Study for vocal orchestra, percussion and piano (1961)
The work was commissioned by the Committee for Commissions, Purchases of Works of Art and Art Scholarships at the Ministry of Culture and Art. It is a concert version of incidental music to a production of Sophocles’ Oedipus the King directed by Ludwik René at Teatr Dramatyczny in Warsaw (1961). The Study – dedicated to René – was premiered six months after the theatrical presentation. It is scored for a 28-member vocal ensemble (7 sopranos, 7 altos, 7 tenors and 7 basses), percussion (6 performers) as well as celesta and piano (serviced by one musician). The work consists of 12 parts, numbered by the composer: I, II, III, IV, V, VI, VII, VIII, IX, X, XI, XII. Its progression is clearly in three stages, with an exposition of the material, its transformation and reprise.

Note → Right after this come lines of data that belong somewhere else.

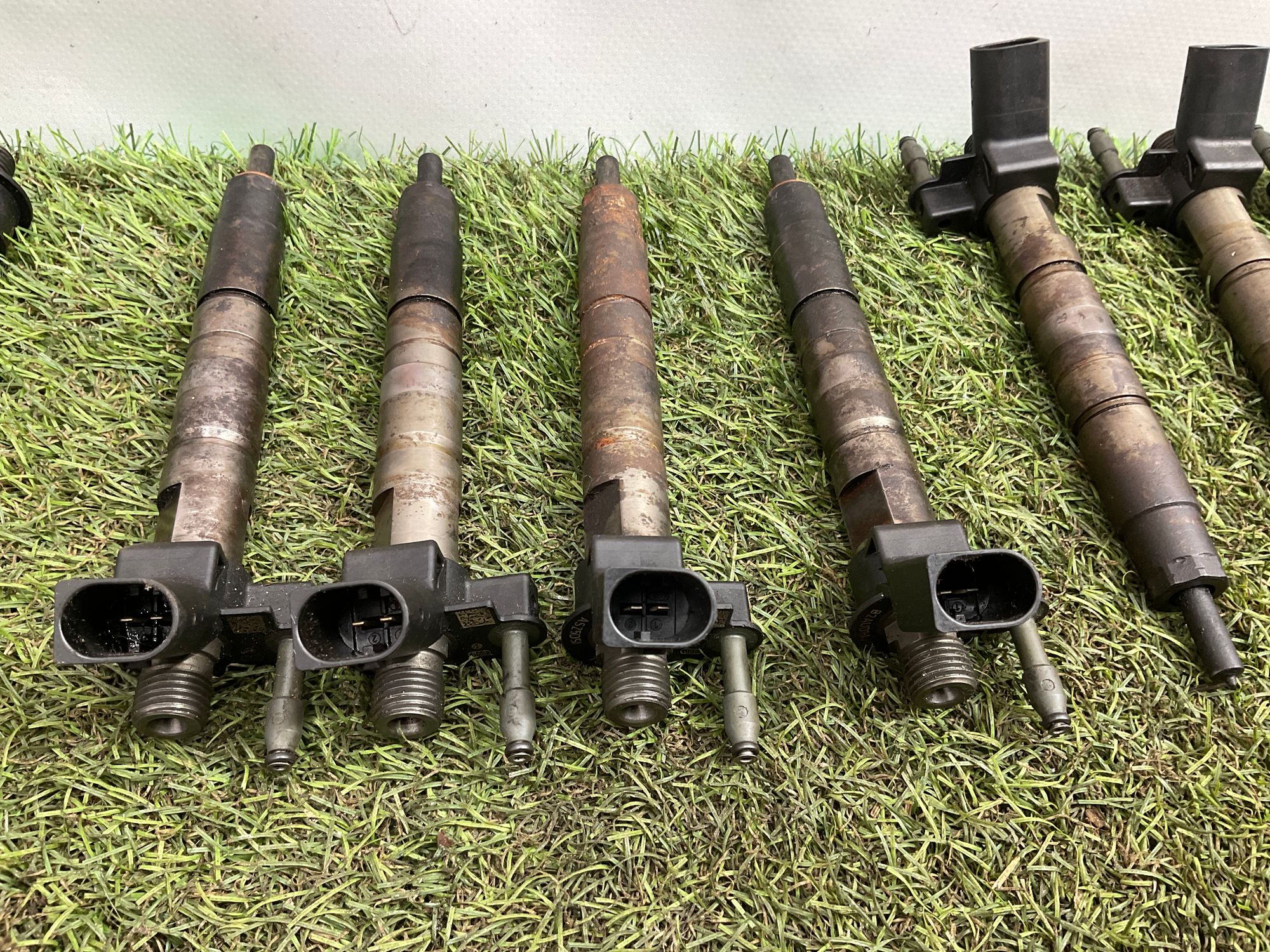 Форсунка топливная BMW 5 серия, F10/F11/F07 N57, 7000 рублей, Москва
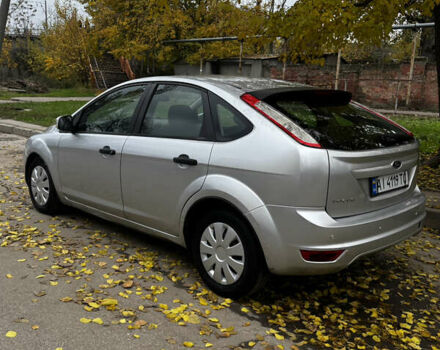 Серый Форд Фокус, объемом двигателя 1.39 л и пробегом 228 тыс. км за 3999 $, фото 15 на Automoto.ua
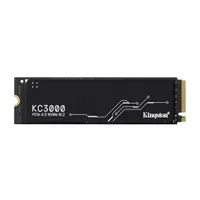Kingston SKC3000D4096G KC3000 4TB PCIe 4.0 NVMe M.2 2280
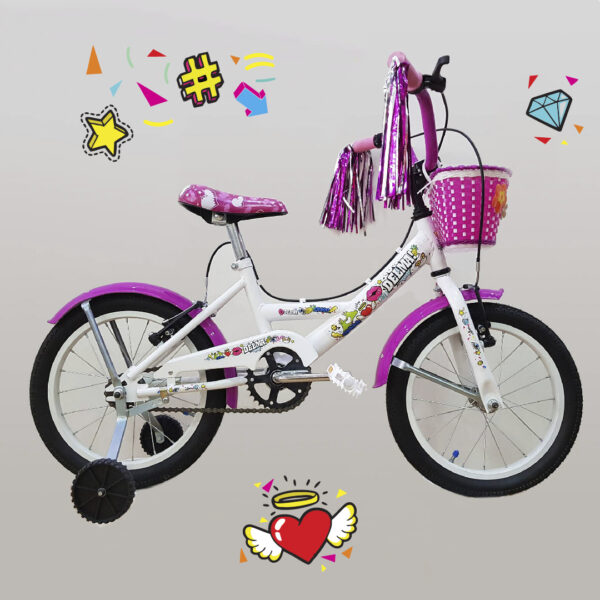 Kits de Calcos para Bicicletas de Niños Premium - Imagen 2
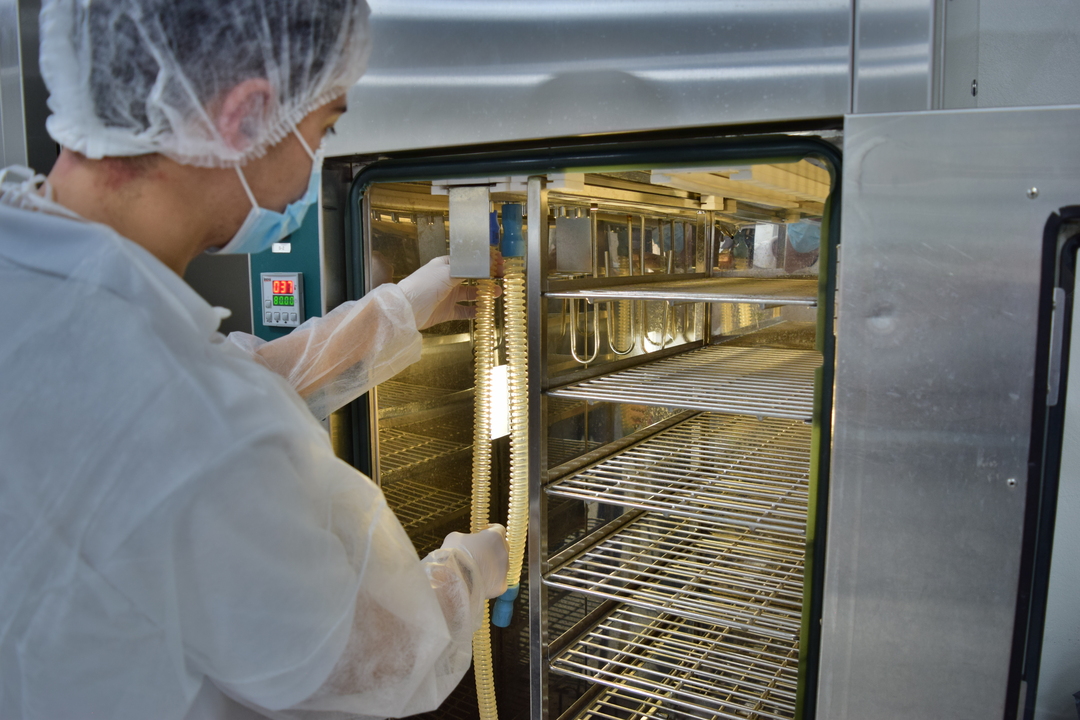 GABINETE DE SECAGEM 2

In Baird’s creative output the Study is the first composition so unequivocally sonorist. It is based on full twelve-note material as well as unspecified pitches obtained not only from the right percussion instruments, but, above all, thanks to an unconventional treatment of voices and instruments. The vocal part is devoid of any text; the singers hiss, articulate various sounds, use the parlando and Sprechgesang technique, and clap. The instruments, too, sound unconventional – thanks to the use of a rich array of drumsticks (percussion instruments) and non-traditional use of the piano (parts II, X, XII). The title of the composition clearly indicates its nature – it is a sonorist etude (exercise), in which each of the three performer groups is equal. The Study is one of the lesser known compositions by Baird, probably because of its theatrical origins. As Tadeusz Kaczyński wrote:
The Etude cannot be treated on a par with the main concert works of the author of the Four Essays. Also because this type of expression betrays all too clearly the “foreign origins” of the piece.